I need to get my power back. Hide the fucking mixtape and pull my heart off the counter and spit you out, the same way you spit me out but WHY DIDN’T I FUCKING CALL YOU? WHY?

“Yo, Dick. Can I get a to-go cup?”

You are huffy. Sniffling. “Well, someone has places to be….”

“Nothing major,” I say. “Gotta meet up with someone….”

It feels bad to fuck with you, but that’s the rule of women, of bodies.

No pain, no gain, and Dick approves. He delivers your latte.

Ceramic cup. As in Joe is going places and you’re just sitting around.

You avoid my eyes the same way you did in the bathroom, and I know, Vail.

I’m in pain too. But did I spit you out? Did I burn your private parts?

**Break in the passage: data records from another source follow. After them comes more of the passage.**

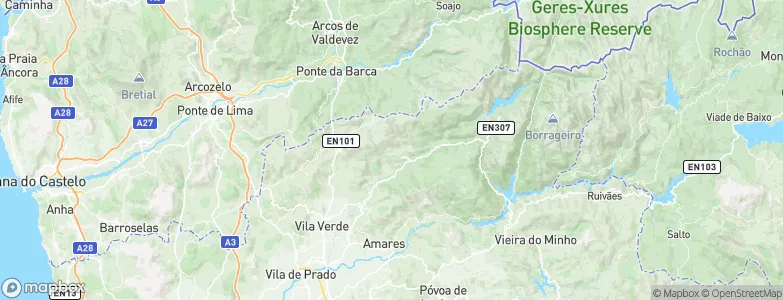 Terras de Bouro Municipality, Portugal Map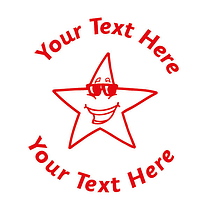 Personalised Star with Sunglasses Stamper - Red - 25mm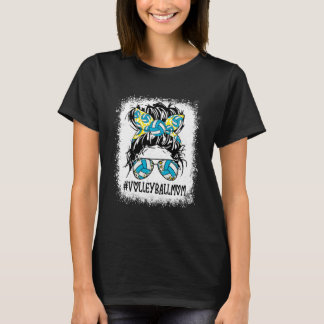 Volleybal Moeder Messy Bun Speler Moeder Sport T-shirt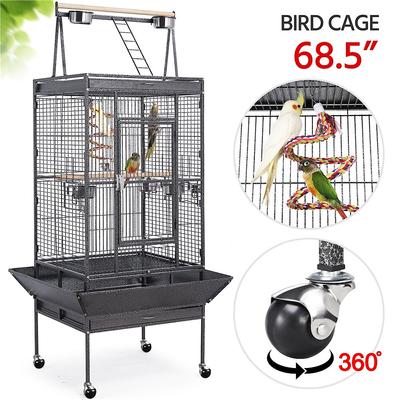 Show full view: Yaheetech 68.5-in Rolling Bird Cage & Playtop, Hammertone Black slide 2 of 9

“So, what’s shaking, V?” Reducing your name to a single letter. Casually cruel in the way where you’d sound crazy if you acted offended. “How you been?”

You nod at your latte. “Good. Great, actually.”

Actually doesn’t feel good and Dick would tell me to neg you but I want to fucking hold you. “Cool,” I say. “You have a good rest of the weekend?”

You look at me again. The horror. “It’s Thursday, Joe.”

“Right. So…Are you having a good week?”

You blow your nose into that filthy Kleenex. “You first.”